> _WHAT YOU NEED TO DO_: From the material below, please set down exactly the lines starting with the one with "фото отеля Changjiang" and going on through the one with "Foto: ANTRIEBSWELLE HINTEN", without a single picture.

> _MATERIAL PROVIDED_:
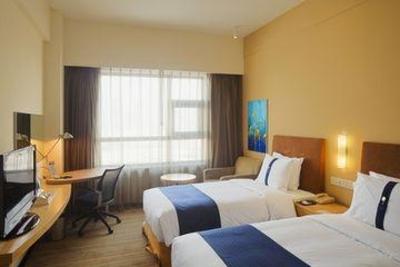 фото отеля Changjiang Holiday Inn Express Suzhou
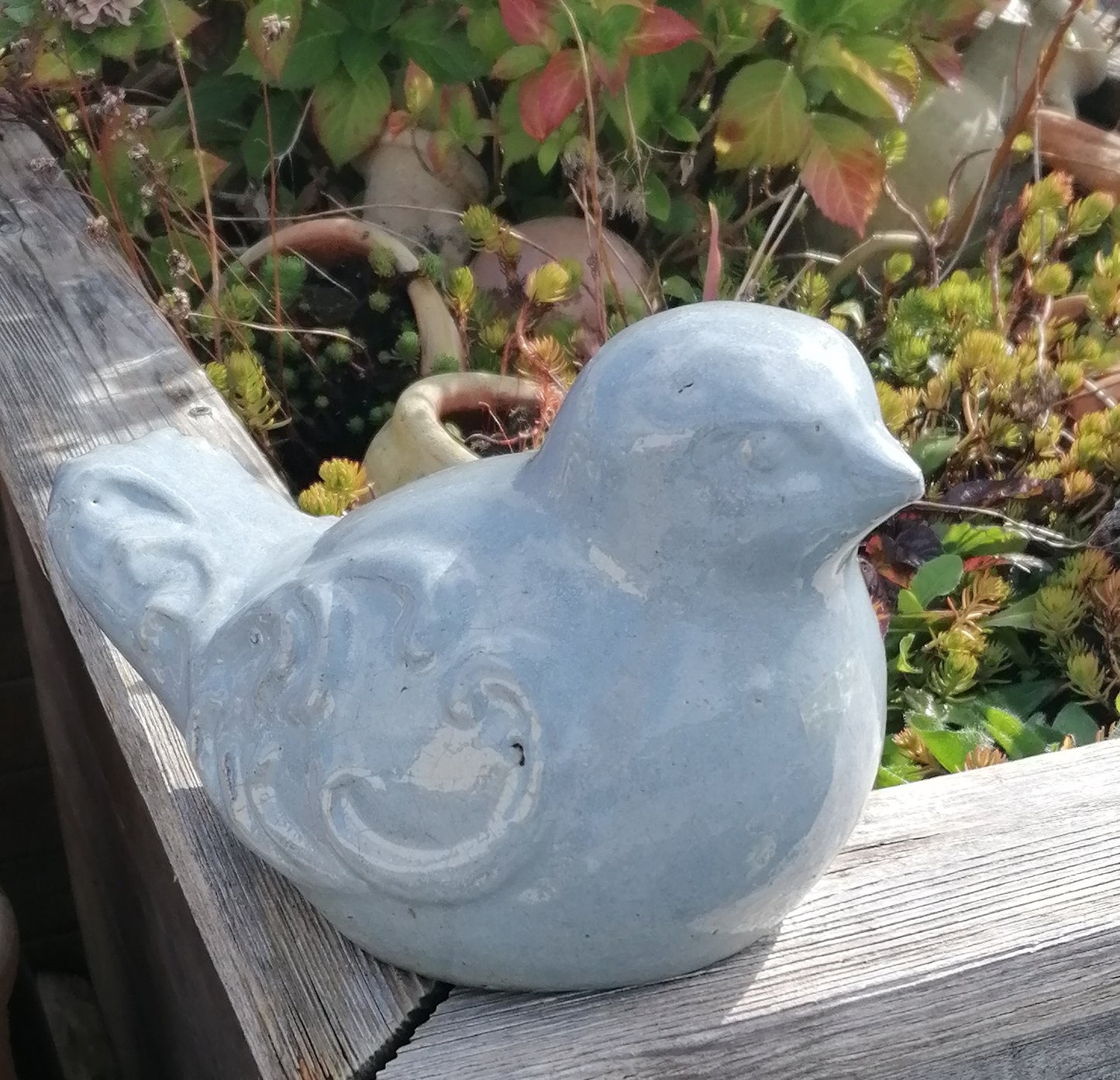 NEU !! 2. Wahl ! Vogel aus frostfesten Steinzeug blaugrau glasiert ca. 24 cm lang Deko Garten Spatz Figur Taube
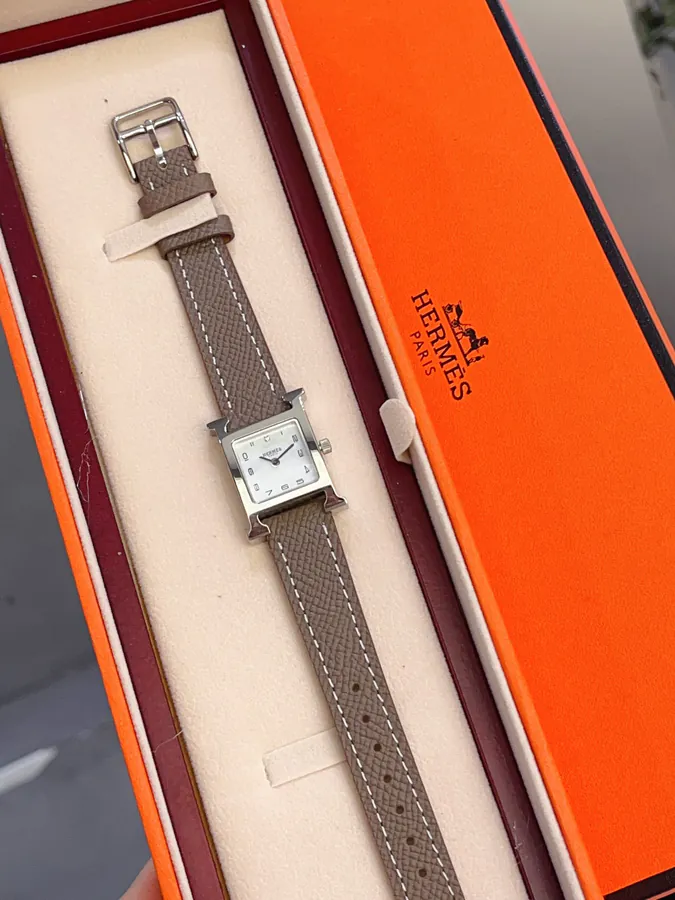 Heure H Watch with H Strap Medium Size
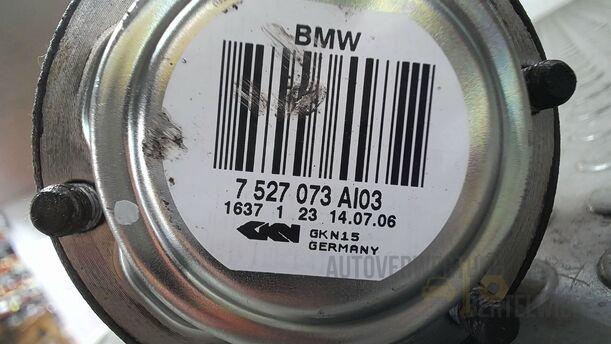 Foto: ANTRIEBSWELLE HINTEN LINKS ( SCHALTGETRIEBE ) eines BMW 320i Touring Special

---

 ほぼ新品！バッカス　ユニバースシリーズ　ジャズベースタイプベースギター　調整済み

> _RESULT OF THIS TASK_:
 фото отеля Changjiang Holiday Inn Express Suzhou
 NEU !! 2. Wahl ! Vogel aus frostfesten Steinzeug blaugrau glasiert ca. 24 cm lang Deko Garten Spatz Figur Taube
 Heure H Watch with H Strap Medium Size
 Foto: ANTRIEBSWELLE HINTEN LINKS ( SCHALTGETRIEBE ) eines BMW 320i Touring Special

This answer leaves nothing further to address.